Go to the line containing "Kabllo për rrjet" in the listing below and retype it and every later line exactly, down to the last.

(Beginning of Dataset excerpts)

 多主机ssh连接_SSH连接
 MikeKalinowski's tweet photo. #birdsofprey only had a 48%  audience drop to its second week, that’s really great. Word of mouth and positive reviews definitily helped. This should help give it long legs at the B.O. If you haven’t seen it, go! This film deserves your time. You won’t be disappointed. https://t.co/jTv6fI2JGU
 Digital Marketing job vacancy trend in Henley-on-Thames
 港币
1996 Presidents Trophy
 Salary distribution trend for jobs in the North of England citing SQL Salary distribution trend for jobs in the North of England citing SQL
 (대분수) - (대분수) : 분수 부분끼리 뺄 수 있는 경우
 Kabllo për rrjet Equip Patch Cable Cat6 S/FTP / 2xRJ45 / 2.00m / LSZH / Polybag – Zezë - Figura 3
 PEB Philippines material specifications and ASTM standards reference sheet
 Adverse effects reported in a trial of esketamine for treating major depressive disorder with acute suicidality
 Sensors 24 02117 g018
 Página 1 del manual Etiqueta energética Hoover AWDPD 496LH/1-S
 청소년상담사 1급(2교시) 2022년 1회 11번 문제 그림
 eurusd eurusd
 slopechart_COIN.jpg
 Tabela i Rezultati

(End of Dataset excerpts)

Solved exercise
 Kabllo për rrjet Equip Patch Cable Cat6 S/FTP / 2xRJ45 / 2.00m / LSZH / Polybag – Zezë - Figura 3
 PEB Philippines material specifications and ASTM standards reference sheet
 Adverse effects reported in a trial of esketamine for treating major depressive disorder with acute suicidality
 Sensors 24 02117 g018
 Página 1 del manual Etiqueta energética Hoover AWDPD 496LH/1-S
 청소년상담사 1급(2교시) 2022년 1회 11번 문제 그림
 eurusd eurusd
 slopechart_COIN.jpg
 Tabela i Rezultati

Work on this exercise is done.